You’ll notice there are several styles available including hip waders, waist waders, and chest waders. For saltwater environments where you’ll likely be fishing 3 to 4 foot depths, chest waders are the only option. These essential items extend above the chest and strap over your shoulder with a Y or H strap. While personal preference will take precedence, most agree that H straps are more comfortable.
Next you will have to decide whether you want bootfoot or stockingfoot waders. Like the name implies, bootfoot waders are equipped with permanently attached hard-soled boots. One of the major benefits of bootfoot waders is that they are often cheaper and don’t require the purchase of separate wading boots. They’re also faster and easier to put on. In addition, with the permanently attached boots there’s no place for sand or tiny pebbles to accumulate.
Stockingfoot waders enable anglers to purchase footwear for particular applications and functions. In the end your feet will probably be more comfortable in specialized, form-fitting wading boots, but this luxury comes with a higher price tag. Another benefit to stockingfoot waders is that they pack down smaller than bootfoot waders, making them a better choice for traveling anglers.
Once you’ve decided on bootfoot or stockingfoot you’ll have to decide on material. Neoprene is the most popular because it is capable of handling a lot of abuse while remaining relatively inexpensive. Neoprene waders also offer better insulation and are available in varying thicknesses for different degrees of warmth. Breathable waders are generally manufactured from nylon and polyester, while also utilizing high-tech materials like Gore Tex®, QuadraLam™ and Horco-Tex® to provide a waterproof, yet breathable outer membrane. Loose fitting, breathable waders are great options for those who spend long days on the water and have to trek from spot to spot.

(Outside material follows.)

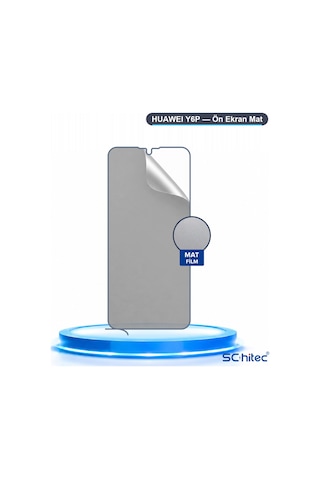 Schitec Huaweı Y6p Uyumlu Ön Yüzey Mat Hidrojel Ekran Koruyucu 82652804
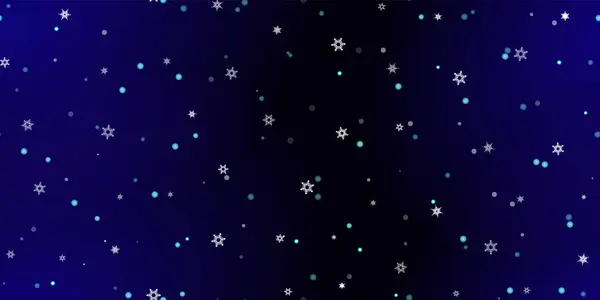 Falling Snowflakes Nahtloses Muster Illustration Mit Fliegendem Schnee Frost Schneefall — Stockvektor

No matter what you select it’s important you inspect the seams. This is where your waders will start to degrade first and no matter how well constructed, the seams will eventually become vulnerable to leakage. Depending on the money you’re willing to dish out, your seams may be overlapped, glued and/or sewn and taped. You should also look for waders that feature reinforced knees and waterproof pockets for tackle storage.
In a day and age when online shopping is the latest and greatest, it will be in your favor to visit your local tackle shop and try on several pairs of waders before making a final purchasing decision. If you select a pair that doesn’t fit properly you will be in for a long day on the water complete with blistered ankles and chaffed thighs. Improper fitting waders can also restrict your range of motion. You’ll notice that bootfoot waders are measured by foot size, while stockingfoot waders are sized by body size. It’s also important you take note of the length of the legs. If you purchase waders that are too long there will be excess folds in the material and these will be the first areas to deteriorate.
If you want your waders to last for multiple seasons you’ll need to take proper care and follow the manufacturer’s recommendations. After every use you should rinse with freshwater and hang dry. Periodically hand washing with a mild dish detergent is also a good idea. Avoid storing your waders in a damp environment and always hang your waders. Folding creates creases that will eventually become weak points. Improper storage is one of the main reasons waders fail prematurely.
Wading is certainly more taxing than fishing from a dry platform, but it is, without a doubt, equally rewarding. Outfit yourself with the appropriate gear and you’ll be walking your way to success in no time.